▸ Description of the task: Copy the lines below, please, starting with the one that contains "Parliky Juego de" and ending with the last. Pictures stay out.

(Provided data Opens)

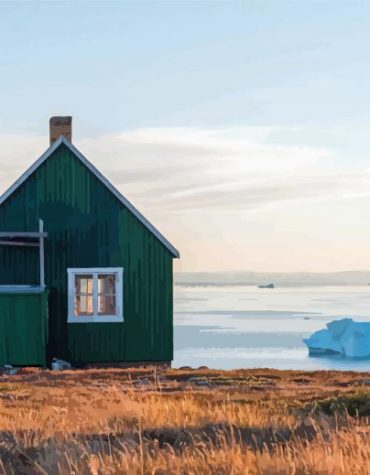 Seaside House Landscape Paint By Numbers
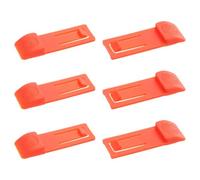 Parliky Juego de 6 Clips de Sujeción para Quillas de Tabla de Surf Liberación Rápida Color Naranja Compatibles Paddleboard Kayak y Longboard Accesorios para Deportes Acuáticos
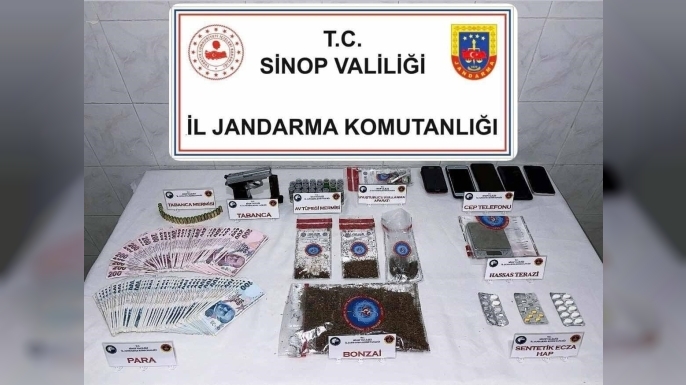 DURAĞAN’DA UYUŞTURUCU OPERASYONU: 5 ŞÜPHELİ GÖZALTINDA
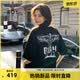 BOY LONDON【满天星】夏季男女同款短袖渐变烫钻印花时尚T恤N01107 黑色 S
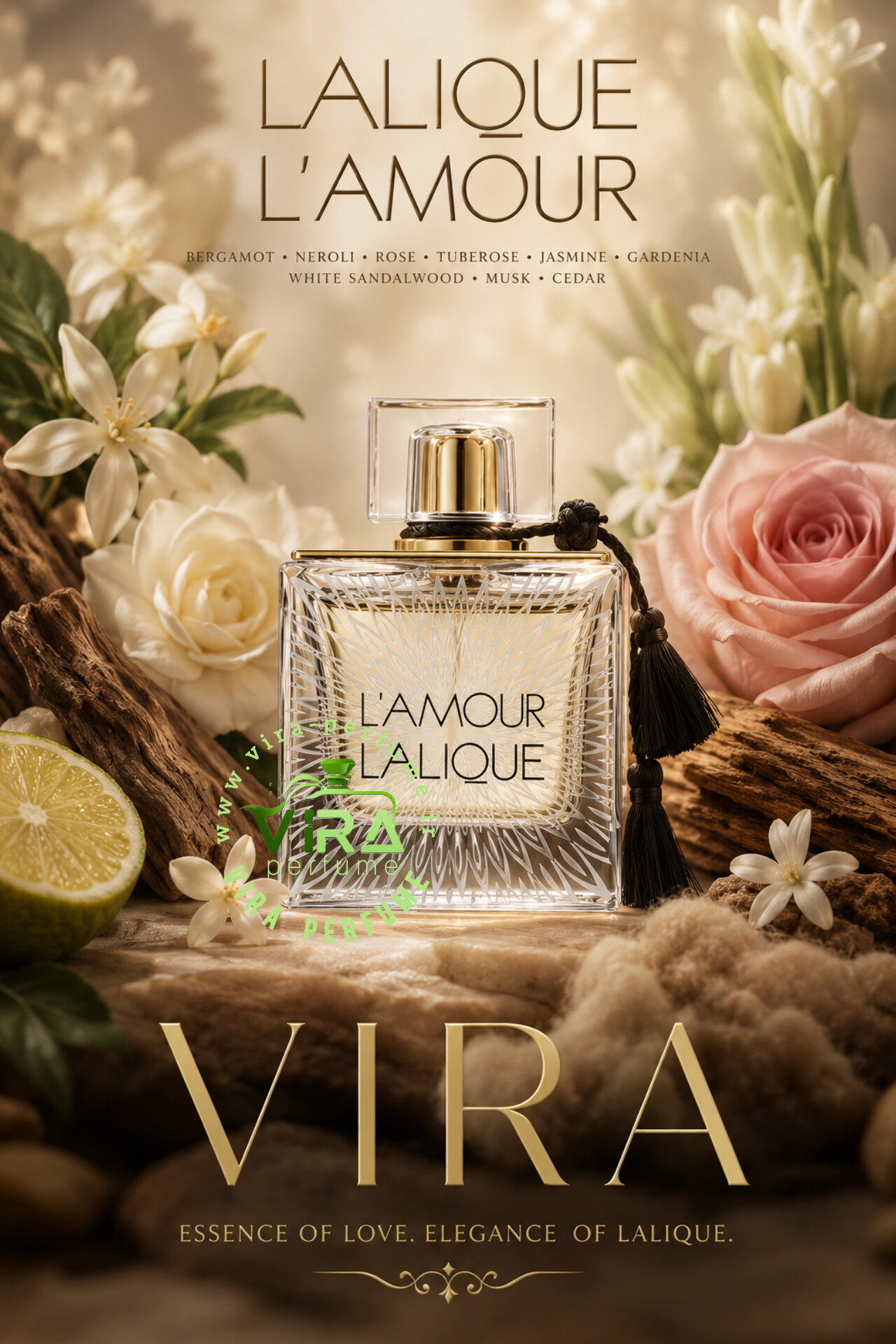 عطر لالیک لامور (له آمور زنانه) برند لوزی | Lalique L’Amour
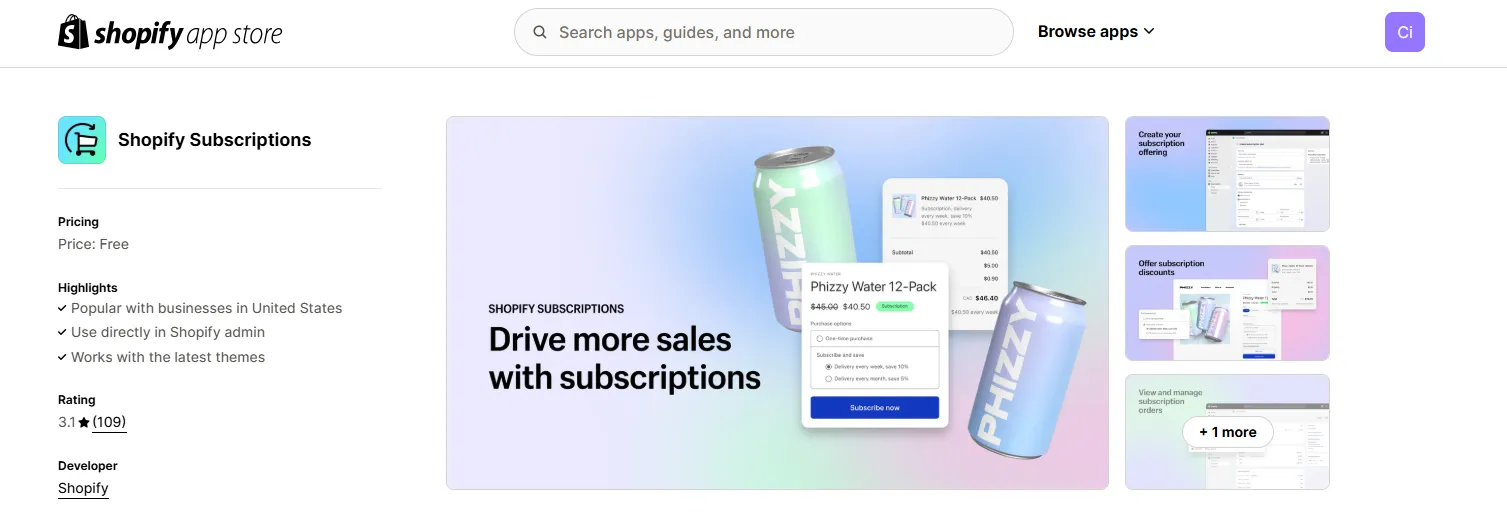 10. Shopify Subscriptions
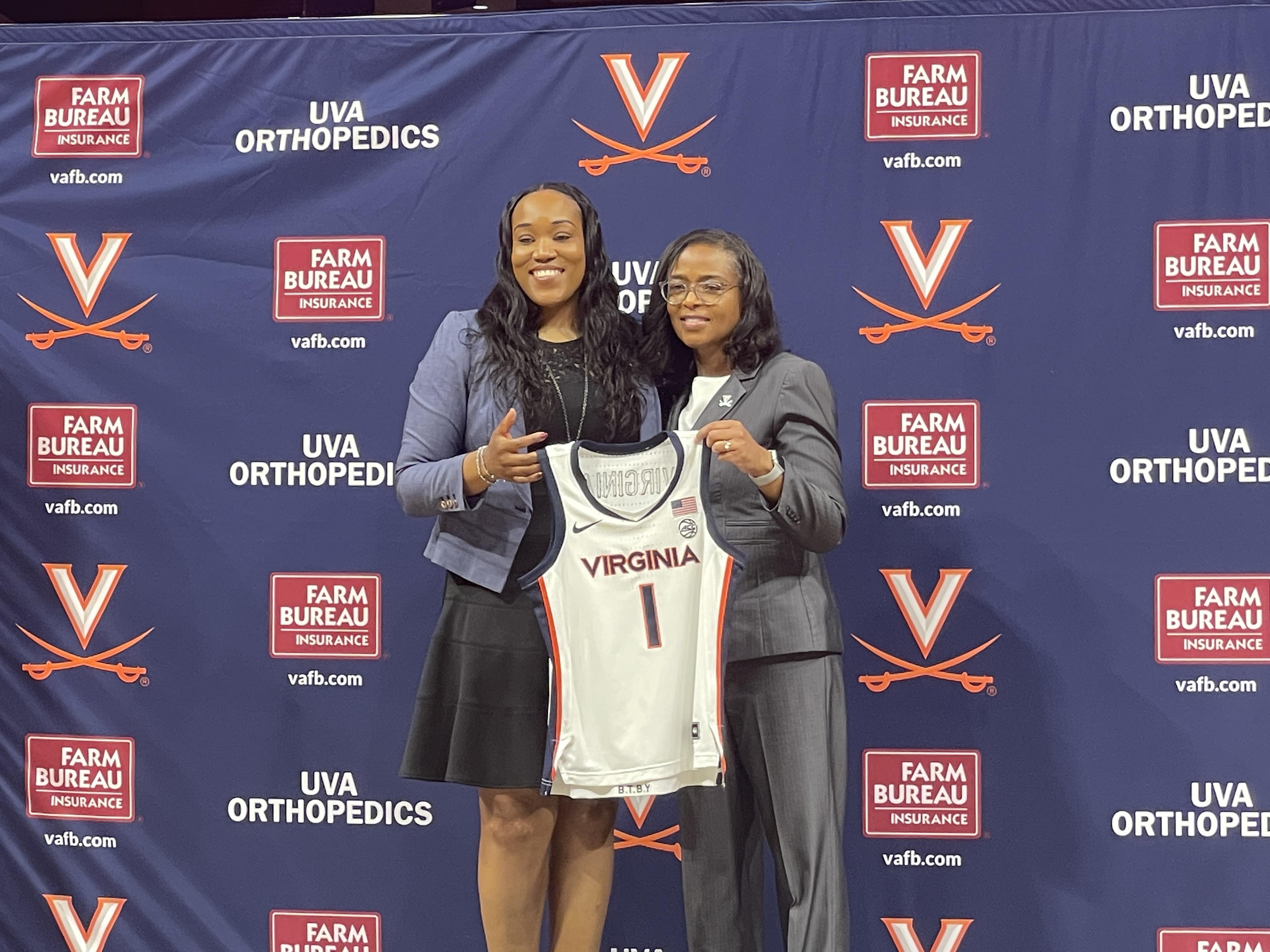 Amaka Agugua-Hamilton Introduced as Virginia Women's Basketball Head ...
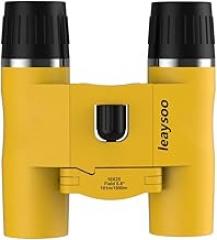 LeaysooYueYing10X25 High Powerful Binoculars for Adults Professional Mini Portable HD Waterproof Compact Binoculars for Travel,Bird Watching,Camping,Hunting,Games Stargazing Cruise Carrying Bag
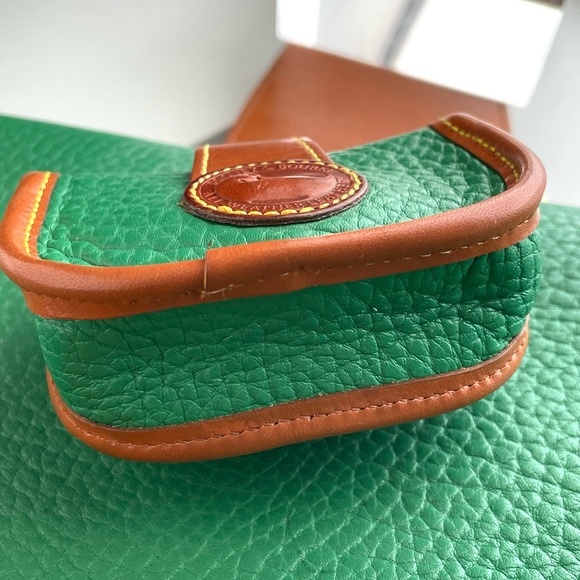 Dooney & Bourke Kelly green leather Key chain Caddy purse bag accessory - Picture 4 of 16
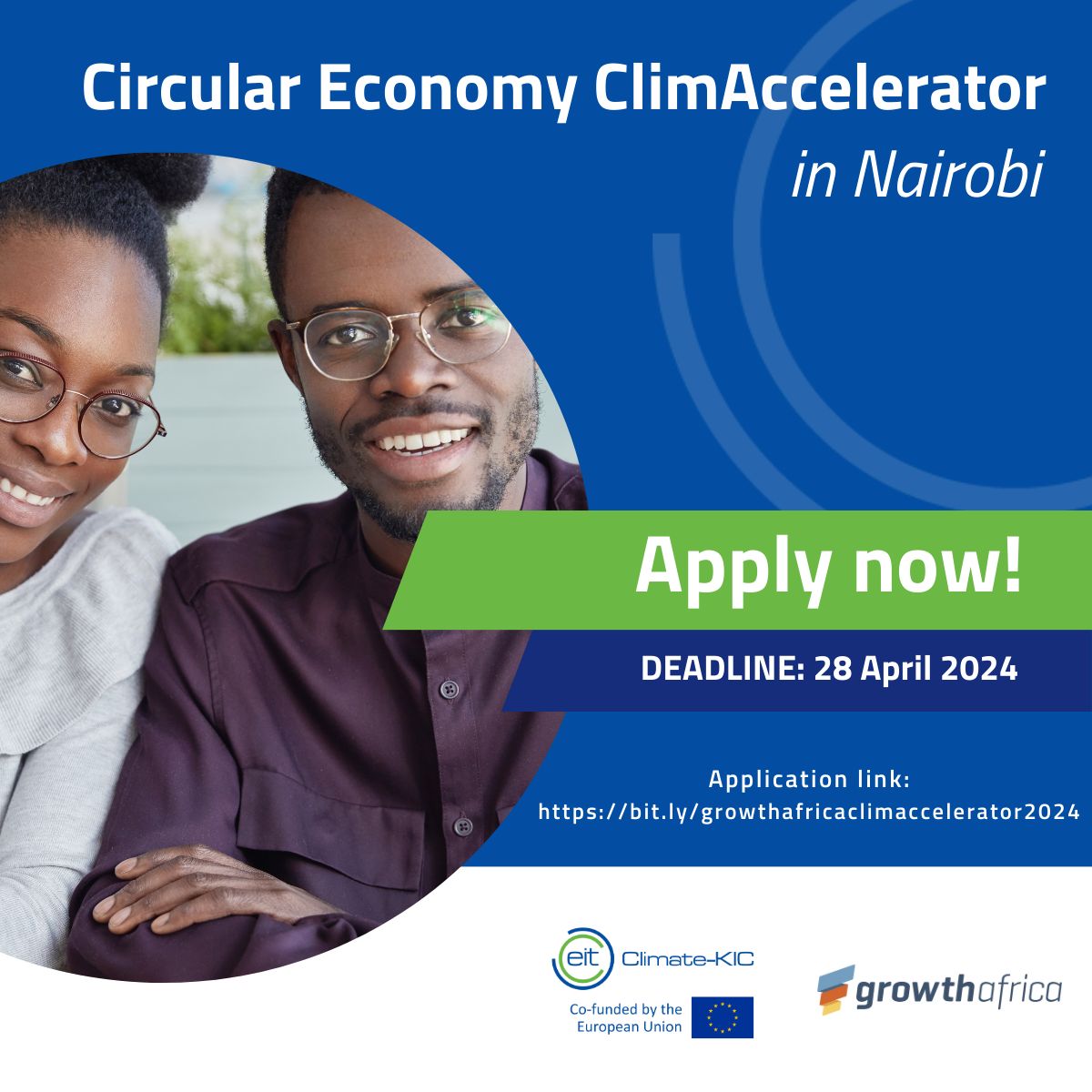 🌍 Join the #CircularEconomy ClimAccelerator in Nairobi! This 6-month program, funded by IKEA Foundation and supported by Climate-KIC, empowers #sustainablebusinesses with #mentorship, workshops, funding, and investor access. Apply by April 28!
Link bit.ly/3xbY1Sq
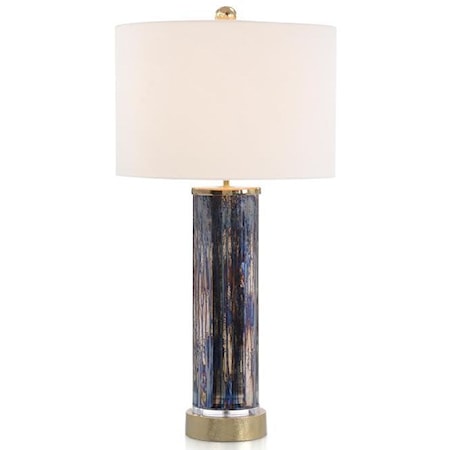 Sapphire and Gold Table Lamp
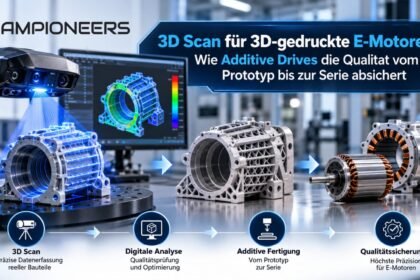 3D Scan für 3D-gedruckte E-Motoren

(Provided data Closes)

▸ Answer for the task:
 Parliky Juego de 6 Clips de Sujeción para Quillas de Tabla de Surf Liberación Rápida Color Naranja Compatibles Paddleboard Kayak y Longboard Accesorios para Deportes Acuáticos
 DURAĞAN’DA UYUŞTURUCU OPERASYONU: 5 ŞÜPHELİ GÖZALTINDA
 BOY LONDON【满天星】夏季男女同款短袖渐变烫钻印花时尚T恤N01107 黑色 S
 عطر لالیک لامور (له آمور زنانه) برند لوزی | Lalique L’Amour
 10. Shopify Subscriptions
 Amaka Agugua-Hamilton Introduced as Virginia Women's Basketball Head ...
 LeaysooYueYing10X25 High Powerful Binoculars for Adults Professional Mini Portable HD Waterproof Compact Binoculars for Travel,Bird Watching,Camping,Hunting,Games Stargazing Cruise Carrying Bag
 Dooney & Bourke Kelly green leather Key chain Caddy purse bag accessory - Picture 4 of 16
 🌍 Join the #CircularEconomy ClimAccelerator in Nairobi! This 6-month program, funded by IKEA Foundation and supported by Climate-KIC, empowers #sustainablebusinesses with #mentorship, workshops, funding, and investor access. Apply by April 28!
Link bit.ly/3xbY1Sq
 Sapphire and Gold Table Lamp
 3D Scan für 3D-gedruckte E-Motoren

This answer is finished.